Source code in src/nemo_safe_synthesizer/pii_replacer/ner/models.py
def download_and_cache_manifest_data(self):
    """Load each registered manifest into memory"""
    for manifest in self._manifests.values():
        self.resolve(manifest)

resolve(manifest, evict=False, skip_pickle=False)

Given a manifest, will return it's resolved data. If the manifest hasn't already been registered with the manager, it will be registered automatically.

The load order is as follows:

1. From in-memory cache
2. From FS cache if enabled via a ``StorageConfig``

Parameters:

Name Type Description Default
manifest ModelManifest

The manifest file to resolve and return

required
evict bool

If True will return the object, but won't store it in the cache. If the manifest is already in the cache, it will be removed.

False
Source code in src/nemo_safe_synthesizer/pii_replacer/ner/models.py
def resolve(self, manifest: ModelManifest, evict: bool = False, skip_pickle: bool = False) -> Optional[dict]:
    """Given a manifest, will return it's resolved data. If the manifest hasn't
    already been registered with the manager, it will be registered automatically.

    The load order is as follows:

        1. From in-memory cache
        2. From FS cache if enabled via a ``StorageConfig``

    Args:
        manifest: The manifest file to resolve and return
        evict: If ``True`` will return the object, but won't store it in the cache.
            If the manifest is already in the cache, it will be removed.
    """
    if manifest.key in self._cache:
        return self._cache.pop(manifest.key) if evict else self._cache[manifest.key]

    self.register_manifest(manifest)

    objs = {}
    for obj_ref in manifest.sources:
        src_obj = None
        start_time = time.perf_counter()
        for step in self.obj_from_fs:
            src_obj = step(manifest, obj_ref, skip_pickle=skip_pickle)
            if src_obj:
                break
        if not src_obj:
            raise RuntimeError(f"Could note resolve manifest {manifest}. Failed to load {src_obj}")
        else:
            elapsed_time_seconds = time.perf_counter() - start_time
            objs[obj_ref.key] = src_obj
            self.timings[manifest.model] = elapsed_time_seconds

    if not evict:
        self._cache[manifest.key] = objs
    return objs

obj_from_fs(manifest, obj_ref, skip_pickle=False)

Return the source object from the filesystem if it exists. If no file is found return None.

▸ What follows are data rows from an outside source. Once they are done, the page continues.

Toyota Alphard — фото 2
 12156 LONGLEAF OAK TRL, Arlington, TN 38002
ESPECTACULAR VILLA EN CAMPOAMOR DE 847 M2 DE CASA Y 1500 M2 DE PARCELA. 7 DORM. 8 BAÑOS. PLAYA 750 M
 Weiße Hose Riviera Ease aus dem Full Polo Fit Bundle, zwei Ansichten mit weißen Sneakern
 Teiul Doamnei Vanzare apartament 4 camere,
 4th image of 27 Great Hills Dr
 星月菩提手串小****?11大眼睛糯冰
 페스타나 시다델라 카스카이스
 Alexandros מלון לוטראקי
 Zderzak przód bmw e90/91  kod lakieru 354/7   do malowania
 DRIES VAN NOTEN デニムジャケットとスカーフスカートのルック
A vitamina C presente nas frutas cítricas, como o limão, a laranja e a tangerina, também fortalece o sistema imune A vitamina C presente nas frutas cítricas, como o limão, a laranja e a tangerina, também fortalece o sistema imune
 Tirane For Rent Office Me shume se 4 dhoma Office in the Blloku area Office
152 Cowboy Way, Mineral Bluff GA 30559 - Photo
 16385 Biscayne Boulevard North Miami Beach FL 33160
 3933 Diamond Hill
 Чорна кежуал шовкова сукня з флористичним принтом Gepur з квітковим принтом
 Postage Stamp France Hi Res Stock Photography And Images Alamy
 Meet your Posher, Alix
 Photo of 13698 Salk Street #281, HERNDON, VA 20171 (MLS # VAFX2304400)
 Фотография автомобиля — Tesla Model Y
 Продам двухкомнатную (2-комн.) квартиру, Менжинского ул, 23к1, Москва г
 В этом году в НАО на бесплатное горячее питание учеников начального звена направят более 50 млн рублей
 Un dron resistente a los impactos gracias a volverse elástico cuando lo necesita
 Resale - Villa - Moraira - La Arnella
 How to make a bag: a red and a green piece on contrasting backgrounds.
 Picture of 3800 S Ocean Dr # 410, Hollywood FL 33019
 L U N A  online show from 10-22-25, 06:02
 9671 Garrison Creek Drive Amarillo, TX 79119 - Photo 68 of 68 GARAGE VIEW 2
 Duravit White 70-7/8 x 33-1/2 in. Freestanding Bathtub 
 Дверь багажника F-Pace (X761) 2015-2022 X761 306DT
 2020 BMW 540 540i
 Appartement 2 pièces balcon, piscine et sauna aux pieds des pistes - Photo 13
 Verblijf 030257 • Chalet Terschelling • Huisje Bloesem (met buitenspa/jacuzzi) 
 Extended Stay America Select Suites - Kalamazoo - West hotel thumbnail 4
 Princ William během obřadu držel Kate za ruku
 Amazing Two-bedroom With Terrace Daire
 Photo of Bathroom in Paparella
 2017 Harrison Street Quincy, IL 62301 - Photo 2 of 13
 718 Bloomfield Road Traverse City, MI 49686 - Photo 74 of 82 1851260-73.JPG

Source code in src/nemo_safe_synthesizer/pii_replacer/ner/models.py
def obj_from_fs(self, manifest: ModelManifest, obj_ref: ObjectRef, skip_pickle: bool = False) -> Optional[Any]:
    """Return the source object from the filesystem if it exists. If no file is found
    return ``None``.
    """
    logger.debug(f"Checking local FS for manifest {manifest.model} for {obj_ref.key} at {obj_ref.file_name}...")
    if not self.storage_config.cache_dir:
        logger.debug("Manifest data not found on local FS!")
        return None

    file_path = self.storage_config.cache_dir / manifest.key / obj_ref.file_name
    if not file_path.is_file():
        return None

    with open(file_path, "rb") as cache:
        if skip_pickle:
            return cache.read()
        src_obj = pickle.load(cache)
        return src_obj

get_cache_manager(storage_config=None)

Returns a singleton instance of CacheManager.

Source code in src/nemo_safe_synthesizer/pii_replacer/ner/models.py
def get_cache_manager(storage_config: StorageConfig = None) -> CacheManager:
    """Returns a singleton instance of ``CacheManager``."""
    return CacheManager.get_instance(storage_config)